A woman who wears the hijab may look down upon a woman who isn't a Muslim and doesn't dress modestly - and everyone will have a lot to say about that.

Some of the posters here are doing the same but the other way around - condemning and looking down on women who chose to obey God and values modesty as part of their faith.

Seriously need to be less narrow minded.

SouthWestmom · 29/01/2016 15:06

Funny how modesty for men is a bit more straightforward and less restrictive. (from that link)

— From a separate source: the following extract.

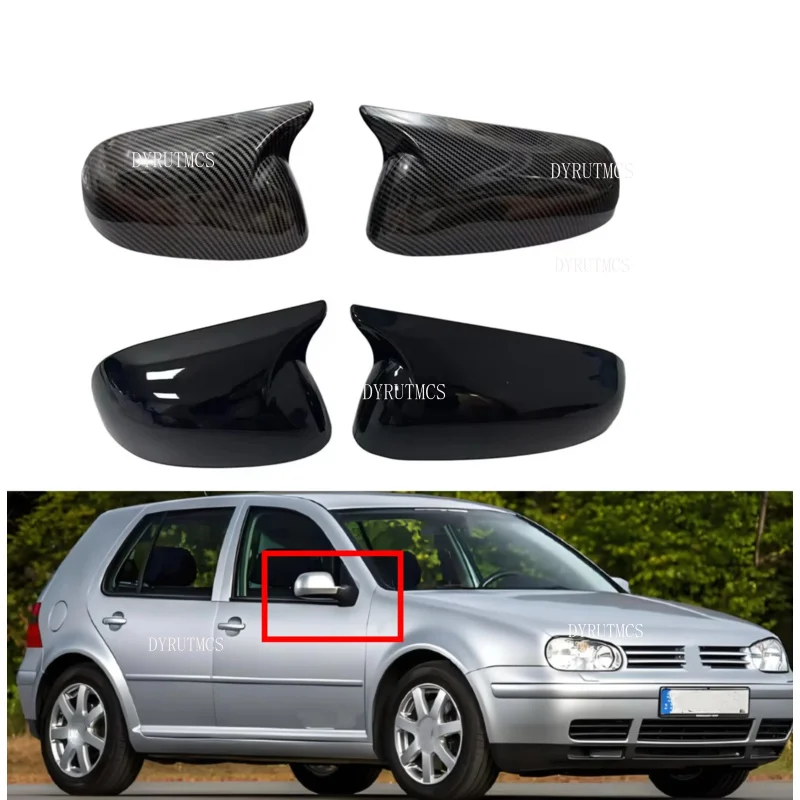 

Fit For Volkswagen VW Golf MK4 2002 2003 -2005 Car Rearview Side Mirror Cover Wing Cap Sticker Rear View Case Trim Carbon Fiber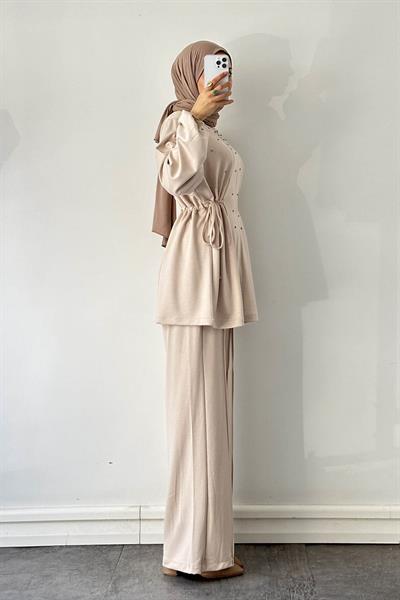 Taşlı İkili Takım Krem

Most Muslims accept that for men everything between the navel and the knee is awrah and therefore should be covered at all times.

Women

Rules for women are more complicated. There are a number of scenarios for women:

In front of unrelated men (Muslim or non-Muslim), women must cover everything except the hands and face
In front of close male relatives, awrah is the navel to the knee and the stomach and the back
In front of other Muslim females, awrah is from the navel down to, and including, the knees
Awrah in front of non-Muslim women is a point of debate:
Some scholars say that women should cover all but the hands and face. This is to prevent non-Muslim women (who may not understand the rules regarding hijab) from describing the appearance of the hijab wearer to other men
Other scholars say that if a non-Muslim woman can be trusted not to describe a woman's appearance to other men, then she may reveal as much as she would in front of another Muslim woman in her presence.
The Hanafi school of thought, which is followed by most Muslims in the world, agree that the feet are not part of the awrah and therefore may be revealed.

Amongst other schools of thought a common opinion is that everything apart from a woman's face and hands is awrah. Scholars holding this opinion use this hadith to justify it:

Likereally · 29/01/2016 15:08

Well mens and women's bodies are different lol - but the same principle to be modest applies to both sexes.